Entretanto, ele alerta que só é possível receber esses créditos nas localidades adicionais ao que é previsto na lei, segundo o Código Florestal: “Vamos supor que seja um Cerrado, 50% ele pode desmatar e 50% tem que manter. Então, considerando que ele tenha 70% da área preservada, ele pode requerer os créditos por apenas esses 20% que tem a mais”.
“Eu acho que o líder mundial para sequestro de carbono, em área de agricultura, pecuária e florestas, dentre todos os países, é o Brasil. É o ‘player’ com maior potencial”; contudo, ele complementa que o País não tem explorado todo esse potencial por uma série de entraves de caráter jurídico, econômico, técnico e cultural. A ausência de um aparato para mensurar as emissões que leve em conta a diversidade das propriedades rurais e a falta de regulamentação são alguns desses obstáculos, além disso, deve existir um foco na restauração ecológica e na proteção da biodiversidade.
Cerri compara com a realidade de outras nações, como o Japão ou a Holanda, que possuem um território de pequena extensão e, por conta disso, não conseguem adotar práticas que façam impacto. Por outro lado, ele também cita a China, um país de área maior que o Brasil, mas que não se compromete com essas medidas, uma vez que prefere manter sua matriz energética baseada nos combustíveis fósseis — por questões mercadológicas.

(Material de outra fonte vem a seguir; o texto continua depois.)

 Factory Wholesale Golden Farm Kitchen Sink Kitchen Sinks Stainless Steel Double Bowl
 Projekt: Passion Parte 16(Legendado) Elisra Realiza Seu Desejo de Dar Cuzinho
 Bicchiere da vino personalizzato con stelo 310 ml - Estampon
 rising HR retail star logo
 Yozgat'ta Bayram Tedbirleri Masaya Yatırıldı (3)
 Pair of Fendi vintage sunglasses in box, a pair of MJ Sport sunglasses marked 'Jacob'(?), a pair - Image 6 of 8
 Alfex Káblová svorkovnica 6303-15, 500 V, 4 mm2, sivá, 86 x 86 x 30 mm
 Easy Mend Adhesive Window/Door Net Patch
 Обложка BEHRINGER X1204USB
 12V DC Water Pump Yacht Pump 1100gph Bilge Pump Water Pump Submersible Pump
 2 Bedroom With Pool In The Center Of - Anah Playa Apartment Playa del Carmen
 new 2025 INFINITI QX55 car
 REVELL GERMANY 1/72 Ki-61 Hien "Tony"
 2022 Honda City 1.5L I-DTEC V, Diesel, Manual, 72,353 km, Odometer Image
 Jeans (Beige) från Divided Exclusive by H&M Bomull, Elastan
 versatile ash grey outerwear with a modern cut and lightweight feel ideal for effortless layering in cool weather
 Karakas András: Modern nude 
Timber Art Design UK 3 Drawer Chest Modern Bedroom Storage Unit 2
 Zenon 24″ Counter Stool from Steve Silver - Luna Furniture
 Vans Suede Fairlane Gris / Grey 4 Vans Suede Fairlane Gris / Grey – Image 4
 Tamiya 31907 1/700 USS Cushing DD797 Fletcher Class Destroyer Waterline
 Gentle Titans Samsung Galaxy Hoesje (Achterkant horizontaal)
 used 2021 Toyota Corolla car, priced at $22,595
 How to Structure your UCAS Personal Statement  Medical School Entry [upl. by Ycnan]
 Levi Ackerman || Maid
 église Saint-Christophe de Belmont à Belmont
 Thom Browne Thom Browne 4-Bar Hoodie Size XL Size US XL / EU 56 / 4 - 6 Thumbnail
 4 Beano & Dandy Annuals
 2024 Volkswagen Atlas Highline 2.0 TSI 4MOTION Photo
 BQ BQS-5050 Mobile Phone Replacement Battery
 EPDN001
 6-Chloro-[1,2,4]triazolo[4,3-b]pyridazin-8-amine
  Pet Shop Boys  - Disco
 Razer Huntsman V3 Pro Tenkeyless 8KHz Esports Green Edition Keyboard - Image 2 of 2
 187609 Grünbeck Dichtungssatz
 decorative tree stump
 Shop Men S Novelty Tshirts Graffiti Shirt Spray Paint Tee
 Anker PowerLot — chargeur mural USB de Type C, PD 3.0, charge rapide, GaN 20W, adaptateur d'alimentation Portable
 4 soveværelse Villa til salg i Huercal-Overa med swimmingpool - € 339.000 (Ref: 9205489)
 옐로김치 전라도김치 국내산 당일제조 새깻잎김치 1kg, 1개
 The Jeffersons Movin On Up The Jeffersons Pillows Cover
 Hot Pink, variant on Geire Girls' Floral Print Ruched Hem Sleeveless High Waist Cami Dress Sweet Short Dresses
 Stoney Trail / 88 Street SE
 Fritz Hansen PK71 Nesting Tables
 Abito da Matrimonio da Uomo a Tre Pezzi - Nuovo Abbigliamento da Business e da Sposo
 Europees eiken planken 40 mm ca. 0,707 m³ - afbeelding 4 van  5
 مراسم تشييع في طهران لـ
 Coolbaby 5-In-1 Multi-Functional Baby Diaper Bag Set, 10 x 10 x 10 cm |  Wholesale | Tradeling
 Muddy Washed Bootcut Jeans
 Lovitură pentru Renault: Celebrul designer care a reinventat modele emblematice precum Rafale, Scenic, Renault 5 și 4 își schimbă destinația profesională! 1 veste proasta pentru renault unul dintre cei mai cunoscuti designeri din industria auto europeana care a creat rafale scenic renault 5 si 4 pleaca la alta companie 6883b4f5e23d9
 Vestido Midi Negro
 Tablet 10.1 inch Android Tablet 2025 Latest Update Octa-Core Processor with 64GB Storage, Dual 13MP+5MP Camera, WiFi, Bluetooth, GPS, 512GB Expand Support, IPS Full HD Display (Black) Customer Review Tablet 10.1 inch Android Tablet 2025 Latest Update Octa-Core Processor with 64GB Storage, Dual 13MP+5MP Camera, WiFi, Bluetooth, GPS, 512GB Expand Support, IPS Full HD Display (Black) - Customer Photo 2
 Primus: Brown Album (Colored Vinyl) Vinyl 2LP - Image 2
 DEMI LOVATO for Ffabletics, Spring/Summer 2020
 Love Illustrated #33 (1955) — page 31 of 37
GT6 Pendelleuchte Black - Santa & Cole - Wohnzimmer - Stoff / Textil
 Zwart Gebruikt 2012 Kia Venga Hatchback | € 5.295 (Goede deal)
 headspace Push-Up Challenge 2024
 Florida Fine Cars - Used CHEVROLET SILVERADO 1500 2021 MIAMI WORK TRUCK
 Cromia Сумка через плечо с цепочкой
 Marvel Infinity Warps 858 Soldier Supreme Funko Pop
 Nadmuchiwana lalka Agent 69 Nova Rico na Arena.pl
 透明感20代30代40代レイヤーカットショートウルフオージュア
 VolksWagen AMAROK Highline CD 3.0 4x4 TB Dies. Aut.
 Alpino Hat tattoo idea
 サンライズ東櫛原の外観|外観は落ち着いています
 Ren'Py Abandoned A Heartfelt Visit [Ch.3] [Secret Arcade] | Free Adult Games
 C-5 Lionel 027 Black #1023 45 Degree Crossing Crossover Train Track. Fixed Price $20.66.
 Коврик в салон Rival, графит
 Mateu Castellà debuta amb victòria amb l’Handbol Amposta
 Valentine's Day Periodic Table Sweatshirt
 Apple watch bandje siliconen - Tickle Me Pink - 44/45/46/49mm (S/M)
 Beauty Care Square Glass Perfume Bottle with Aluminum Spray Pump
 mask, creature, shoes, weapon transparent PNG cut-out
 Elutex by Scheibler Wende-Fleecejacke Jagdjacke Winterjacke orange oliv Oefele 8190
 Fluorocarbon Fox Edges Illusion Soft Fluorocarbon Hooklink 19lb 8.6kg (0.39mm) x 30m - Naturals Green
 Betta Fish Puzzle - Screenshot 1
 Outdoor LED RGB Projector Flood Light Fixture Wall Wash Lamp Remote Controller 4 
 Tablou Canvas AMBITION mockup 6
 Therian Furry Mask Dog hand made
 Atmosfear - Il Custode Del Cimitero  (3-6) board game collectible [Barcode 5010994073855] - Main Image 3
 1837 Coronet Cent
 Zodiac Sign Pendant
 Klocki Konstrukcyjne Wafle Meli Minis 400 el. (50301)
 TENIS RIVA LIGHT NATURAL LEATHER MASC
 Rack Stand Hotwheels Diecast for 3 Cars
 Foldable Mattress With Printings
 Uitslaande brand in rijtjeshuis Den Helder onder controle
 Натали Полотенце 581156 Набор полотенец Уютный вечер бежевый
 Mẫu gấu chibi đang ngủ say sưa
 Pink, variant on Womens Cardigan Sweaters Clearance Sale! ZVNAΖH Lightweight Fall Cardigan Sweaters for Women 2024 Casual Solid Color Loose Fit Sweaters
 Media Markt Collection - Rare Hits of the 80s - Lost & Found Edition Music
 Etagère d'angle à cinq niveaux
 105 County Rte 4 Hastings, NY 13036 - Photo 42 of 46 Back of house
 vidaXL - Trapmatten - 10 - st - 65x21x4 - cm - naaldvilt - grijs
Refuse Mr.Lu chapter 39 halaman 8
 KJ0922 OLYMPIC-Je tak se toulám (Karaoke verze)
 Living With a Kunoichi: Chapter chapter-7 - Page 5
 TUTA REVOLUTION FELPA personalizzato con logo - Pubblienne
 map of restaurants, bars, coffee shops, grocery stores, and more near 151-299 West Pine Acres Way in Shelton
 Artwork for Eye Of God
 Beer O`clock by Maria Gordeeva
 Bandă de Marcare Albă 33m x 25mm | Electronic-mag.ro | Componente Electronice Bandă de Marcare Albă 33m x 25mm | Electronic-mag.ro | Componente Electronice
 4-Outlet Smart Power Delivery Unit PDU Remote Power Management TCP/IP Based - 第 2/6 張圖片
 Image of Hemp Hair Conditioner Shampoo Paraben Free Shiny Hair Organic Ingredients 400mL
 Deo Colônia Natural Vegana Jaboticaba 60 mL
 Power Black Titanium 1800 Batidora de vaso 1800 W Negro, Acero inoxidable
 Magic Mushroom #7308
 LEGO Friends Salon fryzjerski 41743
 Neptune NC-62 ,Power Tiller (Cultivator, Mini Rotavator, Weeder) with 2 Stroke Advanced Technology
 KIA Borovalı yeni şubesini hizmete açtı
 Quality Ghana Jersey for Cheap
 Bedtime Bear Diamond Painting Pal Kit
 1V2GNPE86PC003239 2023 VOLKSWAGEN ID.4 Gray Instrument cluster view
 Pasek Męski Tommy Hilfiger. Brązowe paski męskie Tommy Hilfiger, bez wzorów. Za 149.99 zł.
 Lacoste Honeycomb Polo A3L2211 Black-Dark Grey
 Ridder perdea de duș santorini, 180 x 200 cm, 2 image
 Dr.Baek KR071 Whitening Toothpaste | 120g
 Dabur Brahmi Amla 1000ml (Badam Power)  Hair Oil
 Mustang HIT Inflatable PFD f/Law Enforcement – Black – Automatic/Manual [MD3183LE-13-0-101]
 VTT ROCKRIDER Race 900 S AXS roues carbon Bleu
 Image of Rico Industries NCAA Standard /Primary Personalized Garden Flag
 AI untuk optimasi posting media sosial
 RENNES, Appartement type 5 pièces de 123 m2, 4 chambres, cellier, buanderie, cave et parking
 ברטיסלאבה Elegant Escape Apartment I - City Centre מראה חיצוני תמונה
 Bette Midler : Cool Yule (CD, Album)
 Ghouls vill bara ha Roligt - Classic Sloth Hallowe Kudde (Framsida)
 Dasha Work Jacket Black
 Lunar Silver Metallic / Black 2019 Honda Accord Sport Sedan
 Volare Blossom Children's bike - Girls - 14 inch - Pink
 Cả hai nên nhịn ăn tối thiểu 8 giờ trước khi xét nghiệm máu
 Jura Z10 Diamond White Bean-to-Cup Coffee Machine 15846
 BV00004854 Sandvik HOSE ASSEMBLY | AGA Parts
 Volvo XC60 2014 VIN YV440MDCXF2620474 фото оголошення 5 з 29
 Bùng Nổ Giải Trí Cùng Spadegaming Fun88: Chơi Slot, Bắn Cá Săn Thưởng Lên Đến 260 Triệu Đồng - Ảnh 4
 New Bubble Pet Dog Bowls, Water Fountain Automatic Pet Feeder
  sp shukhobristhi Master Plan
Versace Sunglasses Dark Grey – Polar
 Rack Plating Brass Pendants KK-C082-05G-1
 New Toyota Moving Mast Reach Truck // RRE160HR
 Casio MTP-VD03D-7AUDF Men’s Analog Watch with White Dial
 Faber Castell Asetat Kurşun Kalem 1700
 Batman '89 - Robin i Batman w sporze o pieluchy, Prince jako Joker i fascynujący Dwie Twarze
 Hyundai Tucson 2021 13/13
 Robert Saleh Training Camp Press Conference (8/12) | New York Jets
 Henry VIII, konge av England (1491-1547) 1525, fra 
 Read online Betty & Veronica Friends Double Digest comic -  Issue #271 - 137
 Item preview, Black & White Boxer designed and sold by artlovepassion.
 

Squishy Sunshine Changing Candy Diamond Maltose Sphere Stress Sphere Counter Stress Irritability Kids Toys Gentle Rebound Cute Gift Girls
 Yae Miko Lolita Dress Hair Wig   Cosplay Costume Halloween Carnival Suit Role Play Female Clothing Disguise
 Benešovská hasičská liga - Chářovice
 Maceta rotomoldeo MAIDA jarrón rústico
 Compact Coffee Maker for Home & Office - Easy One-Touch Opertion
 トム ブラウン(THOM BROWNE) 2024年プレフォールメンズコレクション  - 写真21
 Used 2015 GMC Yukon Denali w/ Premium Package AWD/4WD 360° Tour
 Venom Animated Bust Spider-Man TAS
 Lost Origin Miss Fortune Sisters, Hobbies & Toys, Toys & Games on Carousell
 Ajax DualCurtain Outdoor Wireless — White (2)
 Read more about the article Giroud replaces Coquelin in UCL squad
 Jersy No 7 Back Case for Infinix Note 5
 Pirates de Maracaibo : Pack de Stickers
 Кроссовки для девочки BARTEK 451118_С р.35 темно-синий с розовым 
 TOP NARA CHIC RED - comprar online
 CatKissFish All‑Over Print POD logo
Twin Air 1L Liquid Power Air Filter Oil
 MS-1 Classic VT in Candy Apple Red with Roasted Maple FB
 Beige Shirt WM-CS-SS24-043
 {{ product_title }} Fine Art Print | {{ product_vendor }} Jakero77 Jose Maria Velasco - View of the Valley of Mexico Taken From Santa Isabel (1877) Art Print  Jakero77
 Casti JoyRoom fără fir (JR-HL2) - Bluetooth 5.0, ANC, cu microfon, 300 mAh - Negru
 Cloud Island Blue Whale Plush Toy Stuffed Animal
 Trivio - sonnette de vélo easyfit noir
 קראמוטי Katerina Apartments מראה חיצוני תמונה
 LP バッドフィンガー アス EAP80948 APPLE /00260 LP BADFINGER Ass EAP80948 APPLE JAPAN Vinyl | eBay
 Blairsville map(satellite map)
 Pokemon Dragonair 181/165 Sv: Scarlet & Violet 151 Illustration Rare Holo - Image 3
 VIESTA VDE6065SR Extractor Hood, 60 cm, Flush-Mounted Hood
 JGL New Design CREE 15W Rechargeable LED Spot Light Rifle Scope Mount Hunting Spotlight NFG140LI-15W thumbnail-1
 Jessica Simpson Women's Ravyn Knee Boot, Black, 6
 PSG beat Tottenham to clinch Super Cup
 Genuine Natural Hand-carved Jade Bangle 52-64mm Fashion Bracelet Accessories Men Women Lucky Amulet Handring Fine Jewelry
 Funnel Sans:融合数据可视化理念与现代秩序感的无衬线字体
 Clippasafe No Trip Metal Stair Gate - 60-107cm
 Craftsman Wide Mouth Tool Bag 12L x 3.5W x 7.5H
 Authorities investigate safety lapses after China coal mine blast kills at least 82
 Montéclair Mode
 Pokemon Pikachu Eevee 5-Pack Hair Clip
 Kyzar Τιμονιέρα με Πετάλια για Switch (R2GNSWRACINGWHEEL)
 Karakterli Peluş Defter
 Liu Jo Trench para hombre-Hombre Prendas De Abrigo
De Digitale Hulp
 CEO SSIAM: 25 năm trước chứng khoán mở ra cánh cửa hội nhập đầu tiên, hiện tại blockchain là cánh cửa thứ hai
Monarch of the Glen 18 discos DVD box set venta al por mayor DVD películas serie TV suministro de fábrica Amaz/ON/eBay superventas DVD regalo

“Enquanto a queima de combustível fóssil é a vilã da história e não tem como sequestrar carbono nessa mesma dimensão, a agricultura, a pecuária e a silvicultura, se bem conduzidas, são parte da solução, não do problema. Por isso, dentro do panorama global, o Brasil tem plenas condições de alavancar muitas iniciativas”, enfatiza. Isso ocorre devido ao País possuir expertise em matriz energética limpa, em captura de carbono pela flora e, também, em agricultura regenerativa.
Realidade x expectativa
USP lidera pesquisas de novos combustíveis para transição energética sustentável
O especialista afirma que, caso essas medidas de sequestro de carbono e de redução de gases não sejam realizadas, o meio urbano é quem mais sofrerá: “O aquecimento global vai ficando cada vez mais intenso, as pessoas ficam cada vez mais desconfortáveis, mais eventos climáticos são alterados e têm eventos extremos”.
Ele ressalta que o impacto é direto e, dessa forma, as mudanças climáticas, cada vez mais intensas, afetam na alimentação, na segurança energética, alimentar e em outras áreas do corpo social.
Nesse âmbito, durante a COP28 — evento no qual o Jornal da USP realizou uma cobertura completa —, o secretário-geral da Organização das Nações Unidas (ONU), António Guterres, considerou o momento como um “colapso ambiental” e destacou a urgência na ação das nações. No ano de 2023, foi registrado o recorde na queima de combustíveis fósseis (36,8 bilhões de toneladas) e, ainda assim, os países responsáveis por 73% das fontes de emissões de gases de efeito estufa não se mostraram dispostos a negociar a redução dessa prática.